Steven D'Aprano steve at pearwood.info
Fri Dec 25 19:14:43 EST 2015


On Sat, 26 Dec 2015 10:01 am, jeanbigboute at gmail.com wrote:

> As an occasional Python user, I'd like to be able to get for myself a
> high-level overview of a package's capabilities.

Best way to do that is to read the package's documentation on the web.


[...]
> Is there a way to determine if a method/function/correct term has items
> underneath it?
> 
> If such a thing exists, I think I could write the code to descend through
> a package's functions/methods, make a list of nodes and edges, send it to
> networkx, and create a graph of a package's capabilities.

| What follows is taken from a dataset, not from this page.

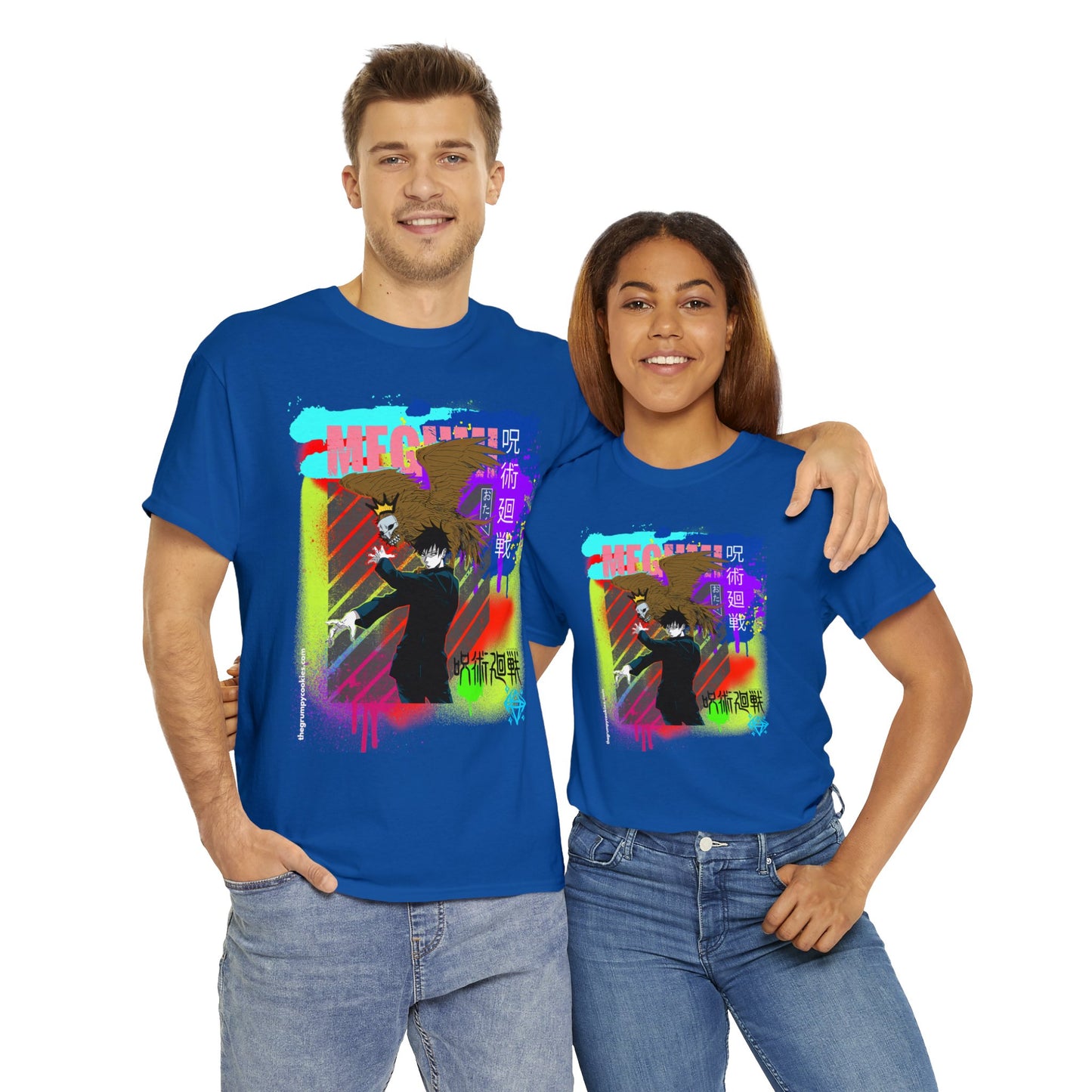 Jujutsu Kaisen - Megumi & Nue Unisex Heavy Cotton Tee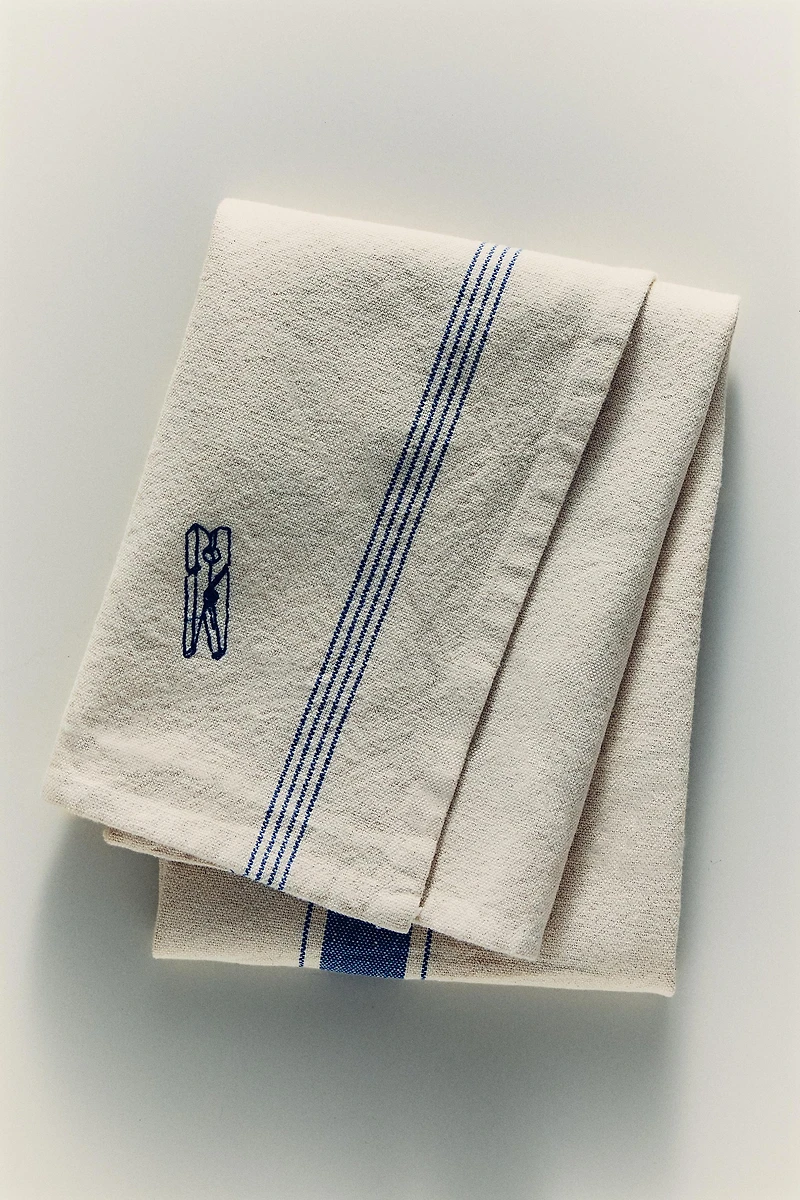 EMBROIDERED COTTON CLEANING KITCHEN TOWEL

Let's say you want to analyse package aardvark.

First thing is to determine whether it is an actual package, or a single
module, or a "namespace package". Namespace packages are new, and I don't
know anything about them, so you're on your own with them. But for the
others:


import aardvark
if aardvark.__package__ in (None, ''):
    print("regular module")
else:
    print("package")


If it is a regular module, you can use dir() to get a list of names in the
module:


dir(aardvark)
=> returns ['spam', 'eggs', 'Cheese', ...]

For each name, get the actual attribute and inspect what it is:


import inspect
obj = getattr(aardvark, 'spam')
if inspect.isfunction(obj):
    print("it is a function")
elif inspect.isclass(obj):
    print("it is a class")
else:
    print("it is a %s" % type(obj).__name__)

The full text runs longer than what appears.